__Exercise objective__. Exactly the lines from the one containing "Tapón; M16; 1,5;" through the final line of the data below, with pictures omitted, make up the answer.

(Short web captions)

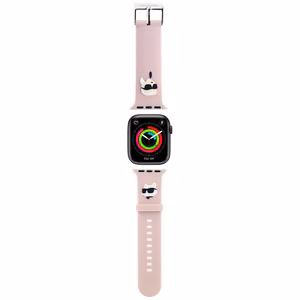 KARL LAGERFELD РЕМЕШОК KLAWLSLKCNP APPLE WATCH 42/44/45/49MM розовый/розовый РЕМЕШОК 3D RUBBER KARL&CHOUPETTE HEADS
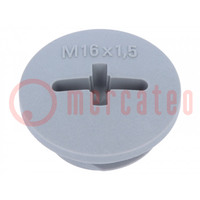 Tapón; M16; 1,5; IP68; poliamida; gris oscuro; SKINDICHT®; 7mm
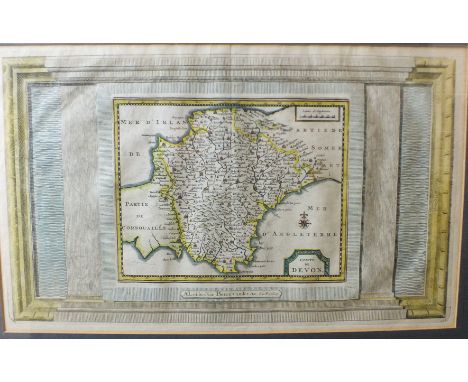 Pierre Vander Aa, "Comté de Devon", hand-coloured map with architectural surround, circa 1729, 25 x 41cm.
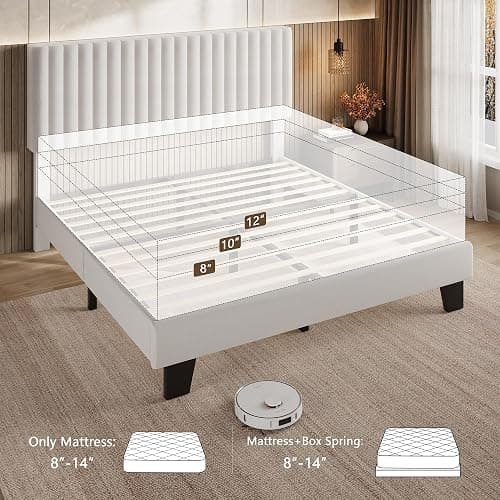 Einhomn Queen Size Bed Frame with Headboard, Upholstered Velvet Platform Bedframe with Solid Wooden Slats, Noise-Free, No Box Spring Needed, Easy Assembly, White thumbnail 9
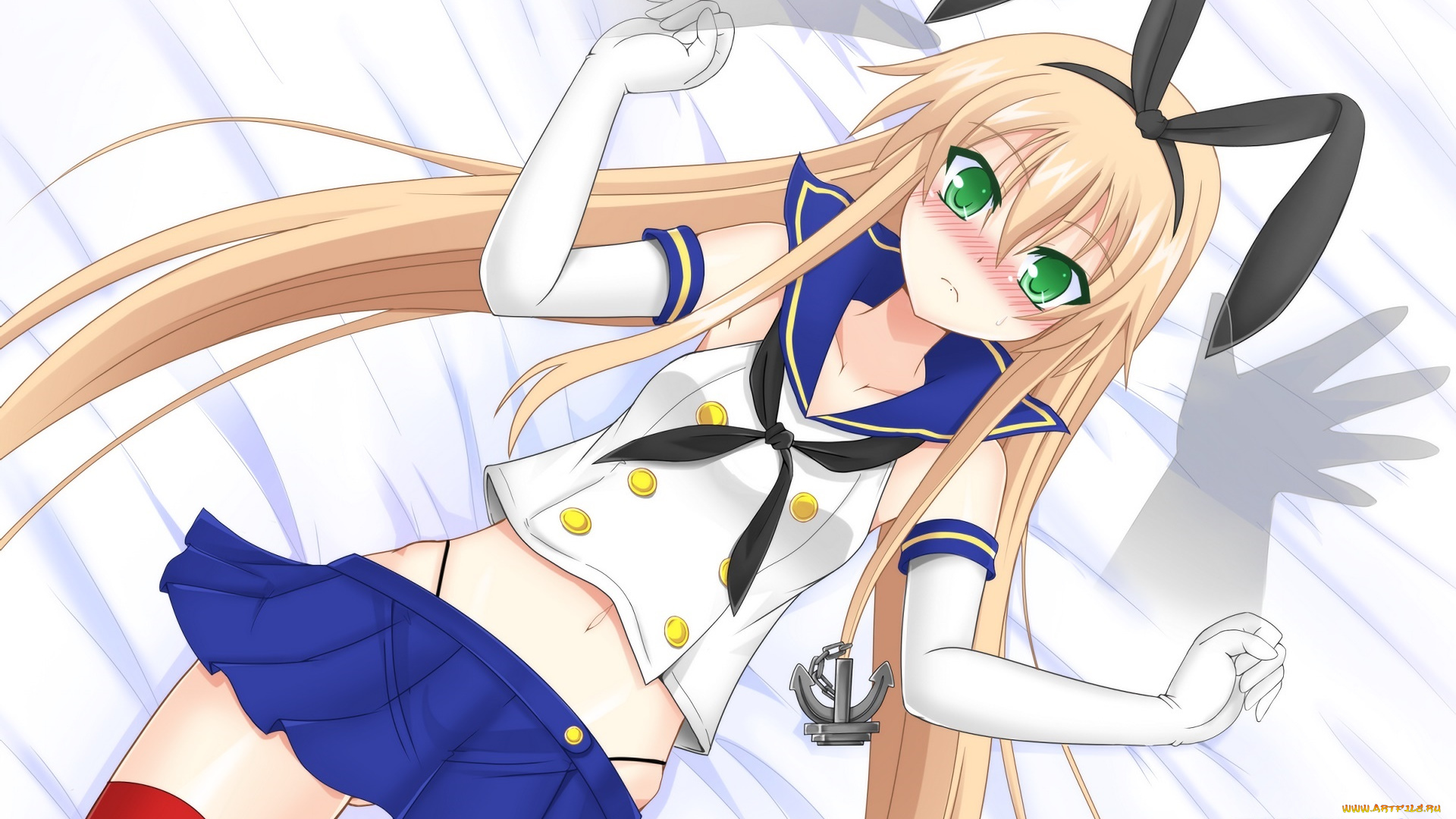 аниме, kantai, collection, девушка, взгляд, фон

__Output of the exercise__.
 Tapón; M16; 1,5; IP68; poliamida; gris oscuro; SKINDICHT®; 7mm
 Pierre Vander Aa, "Comté de Devon", hand-coloured map with architectural surround, circa 1729, 25 x 41cm.
 Einhomn Queen Size Bed Frame with Headboard, Upholstered Velvet Platform Bedframe with Solid Wooden Slats, Noise-Free, No Box Spring Needed, Easy Assembly, White thumbnail 9
 аниме, kantai, collection, девушка, взгляд, фон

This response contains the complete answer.